§ WORK ORDER
Please repeat the lines below exactly. Begin with the line containing "Şamaxıda avtomobil dirəyə" and go on through the line containing "Foto do veículo".

§ THE INPUT
^^^^^^^^
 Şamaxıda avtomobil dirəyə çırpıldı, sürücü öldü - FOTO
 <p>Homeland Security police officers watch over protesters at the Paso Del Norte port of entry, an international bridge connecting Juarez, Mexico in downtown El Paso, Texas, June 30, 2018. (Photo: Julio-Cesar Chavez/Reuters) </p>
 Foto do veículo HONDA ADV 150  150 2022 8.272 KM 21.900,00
^^^^^^^^
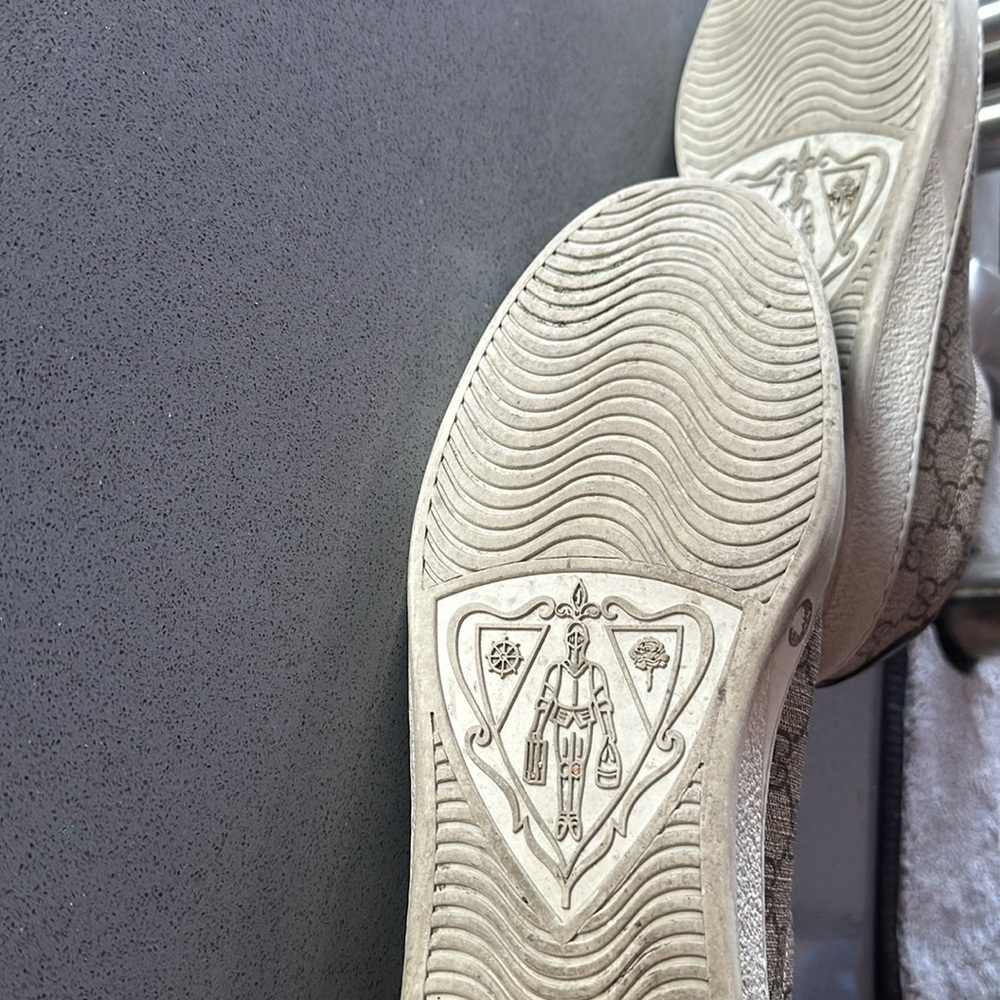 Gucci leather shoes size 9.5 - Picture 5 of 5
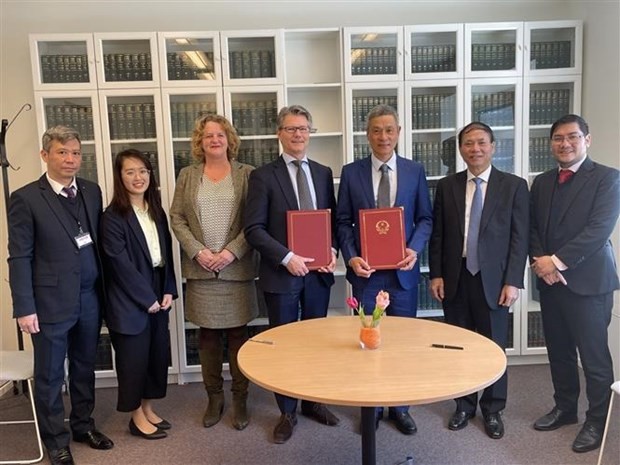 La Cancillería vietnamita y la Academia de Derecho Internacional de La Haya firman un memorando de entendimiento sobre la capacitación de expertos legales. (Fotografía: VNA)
^^^^^^^^
§ YOUR SOLUTION
 Şamaxıda avtomobil dirəyə çırpıldı, sürücü öldü - FOTO
 <p>Homeland Security police officers watch over protesters at the Paso Del Norte port of entry, an international bridge connecting Juarez, Mexico in downtown El Paso, Texas, June 30, 2018. (Photo: Julio-Cesar Chavez/Reuters) </p>
 Foto do veículo HONDA ADV 150  150 2022 8.272 KM 21.900,00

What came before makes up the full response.